Course Info

  • Class Meeting: 8:30 – 9:45 AM US Eastern Time Wednesdays & Fridays on Zoom (accessible via Sakai).
  • Instructors: Professors Brandon Fain & Kristin Stephens-Martinez
  • Contact: (Please use piazza for technical/content questions)
  • Graduate TAs: Emily Kim & Nirav Patel
  • Undergraduate TAs: Kaya Celebi, Annie Hirsch, Billy Luqiu, Margaret Reed, Bhrij Patel, Anshul Shah, Sona Suryadevara, Zack Thomas, & Siyi Xu
  • Course Box Folder. All assignments and data will be made available in the course box folder.
  • Piazza. We will use piazza (accessible via Sakai) for questions and forum discussion around course content.
  • Gradescope. We will use gradescope (accessible via Sakai) for submitting and grading assignments.

Course Description

Data is the new currency. In every walk of life, people leave digital traces, which are stored and analyzed at both individual and population levels, by businesses for improving products and services, by governments for policy-making and national security, and by scientists for advancing the frontiers of human knowledge.

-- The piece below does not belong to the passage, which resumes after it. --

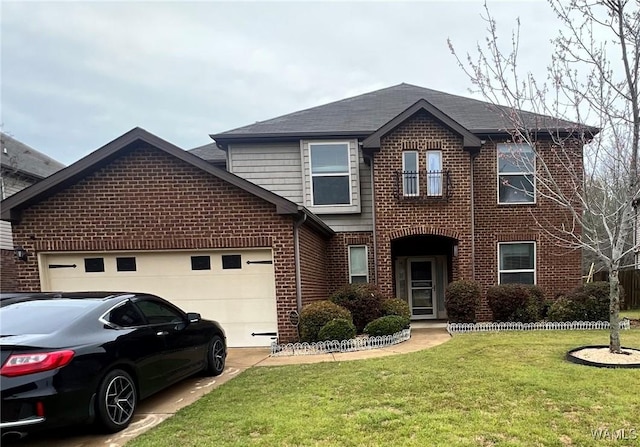 11627 Andrew Way, Tuscaloosa, AL 35405 - traditional-style home with an attached garage, brick siding, a front yard, and concrete driveway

This course serves as an introduction to various aspects of working with data–acquisition, integration, querying, analysis, and visualization–and data of different types–from unstructured text to structured databases. Through lectures and hands-on labs, the course covers both fundamental concepts and computational tools for working with data and applies them to real datasets in a capstone team project.

This course is open to students from both inside and outside computer science. Dealing with data requires more than just computer programming: What do we know about the processes underlying the data? What are the interesting questions to ask about data? What practical impacts can arise from the data? What constitute ethical uses? Therefore, we also welcome students with analytical backgrounds (e.g., statistics, math) or knowledge in fields that would benefit from data analysis (e.g., social and life science, public policy).


This course requires basic knowledge of programming (the equivalent of CompSci 101) and statistics. Additionally, each student should have taken at least one of the following (or their equivalent):

  • a 200-level (or above) computer science course;
  • a 100-level (or above) statistics course;
  • a 200-level (or above) math course.

If the prerequisites are not met, students must obtain the consent of the instructor to enroll.